Exercise brief
Transcribe the entries exactly as given and skip whatever images they hold.

*** Opening of Supplied data ***

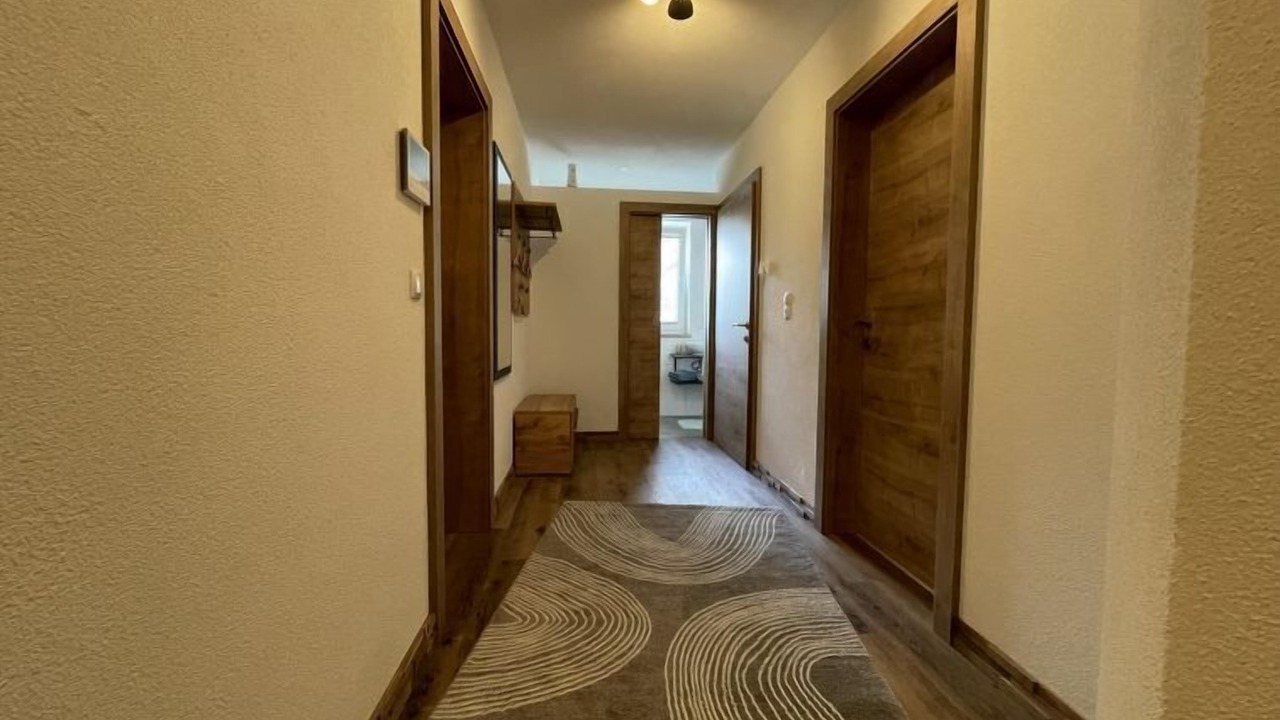 Photo of Bathroom in Unterlaengenfeld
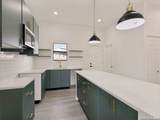151 Vine St - Photo 28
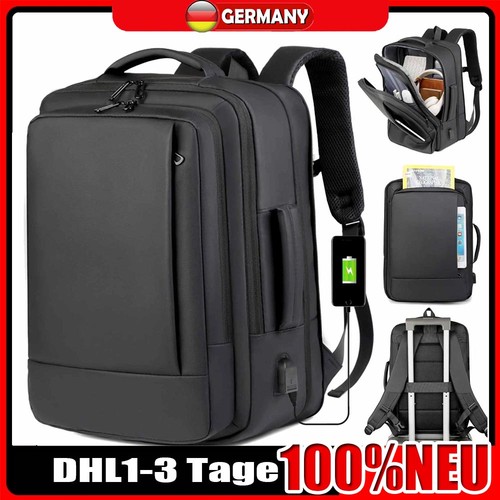 30l rucksack herren - herren, damen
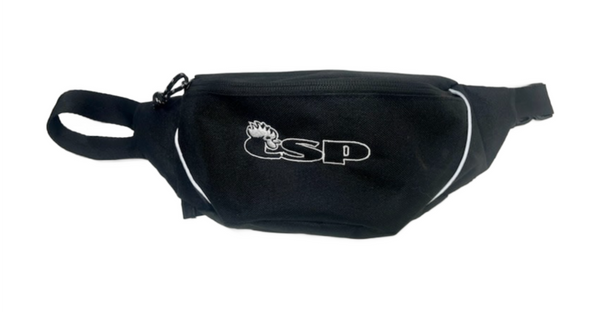 CSP Fanny Pack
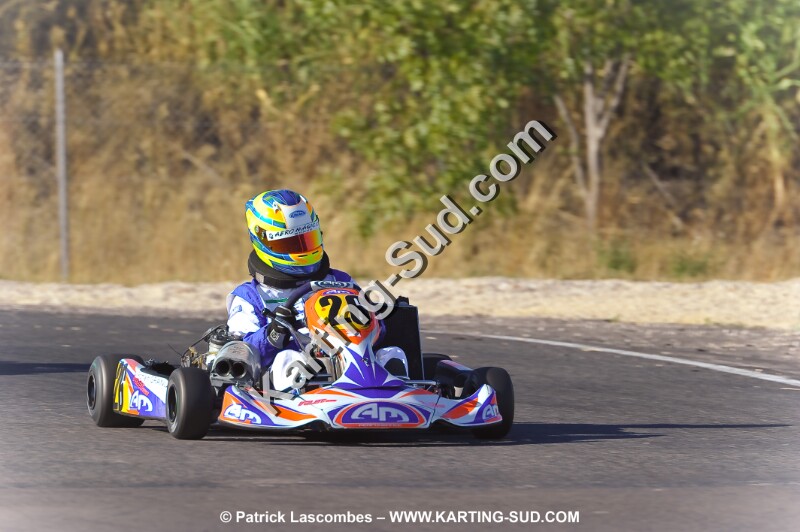 Grabels-290810-Lascombes (3628).jpg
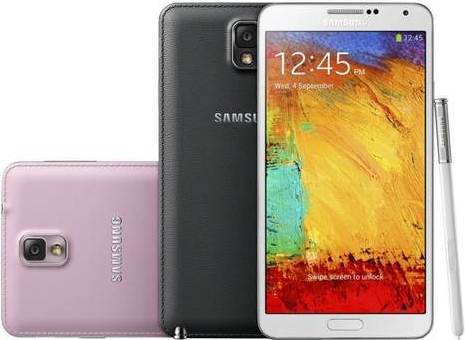 Samsung Galaxy Note 3 Neo Price in Pakistan Features Specs Reviews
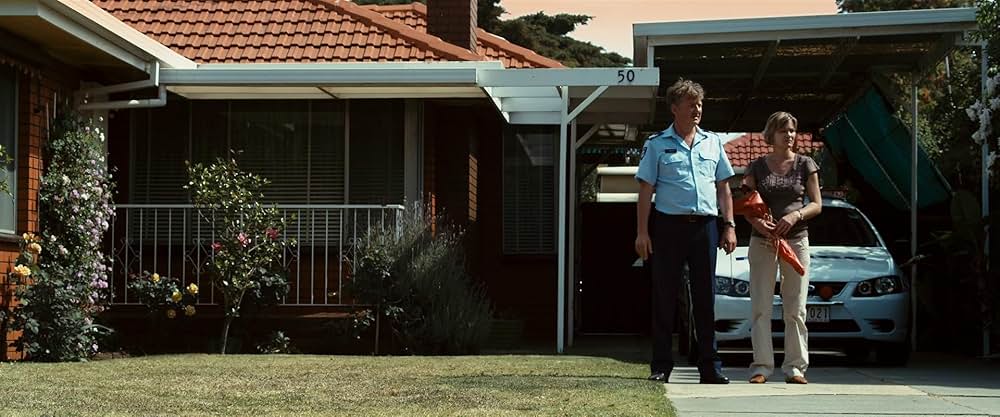 ラブド・ワンズの画像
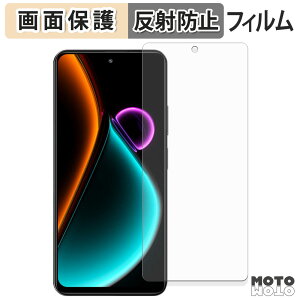 �ی�t�B���� Blackview COLOR 6 �t���ی� �t�B���� �A���`�O���A ���{��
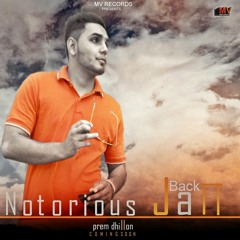 Jeona morh-kuldeep manak ft dj doubleSM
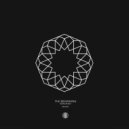 Soko & Sev - The Beginning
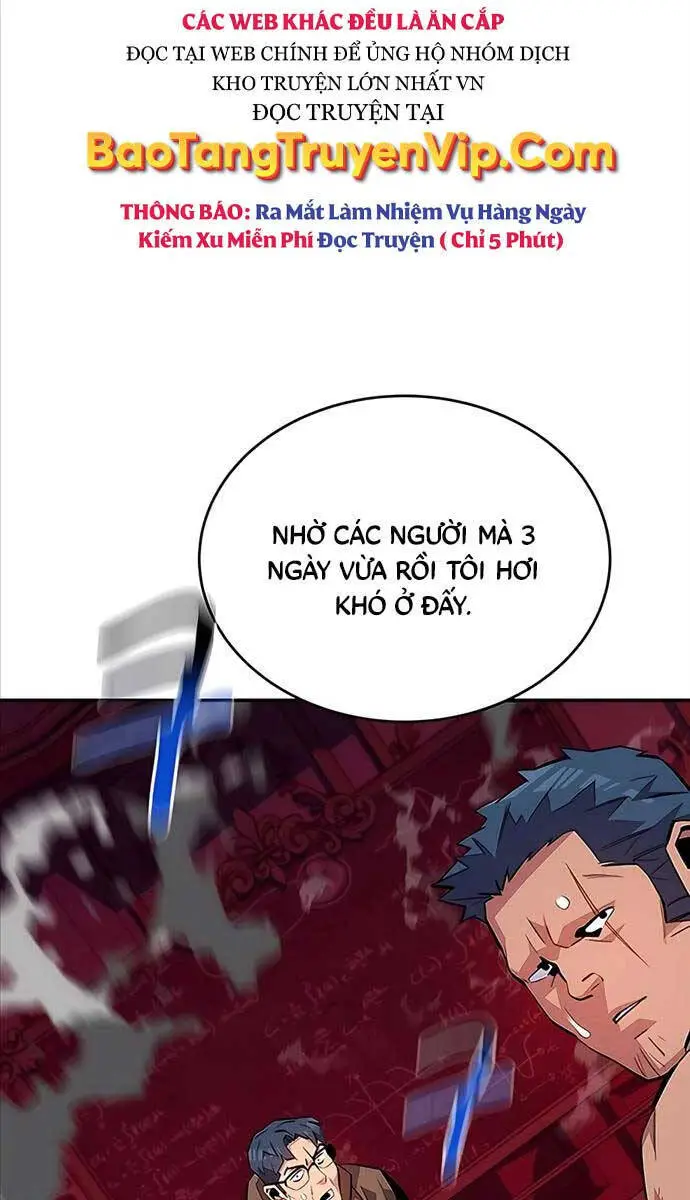 Đi Săn Tự Động Bằng Phân Thân Nettruyen ZZZ Chương 75 Page 4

*** Close of Supplied data ***

Solution to this exercise
 Photo of Bathroom in Unterlaengenfeld
151 Vine St - Photo 28
 30l rucksack herren - herren, damen
 CSP Fanny Pack
 Grabels-290810-Lascombes (3628).jpg
 Samsung Galaxy Note 3 Neo Price in Pakistan Features Specs Reviews
 ラブド・ワンズの画像
 �ی�t�B���� Blackview COLOR 6 �t���ی� �t�B���� �A���`�O���A ���{��
 Jeona morh-kuldeep manak ft dj doubleSM
 Soko & Sev - The Beginning
 Đi Săn Tự Động Bằng Phân Thân Nettruyen ZZZ Chương 75 Page 4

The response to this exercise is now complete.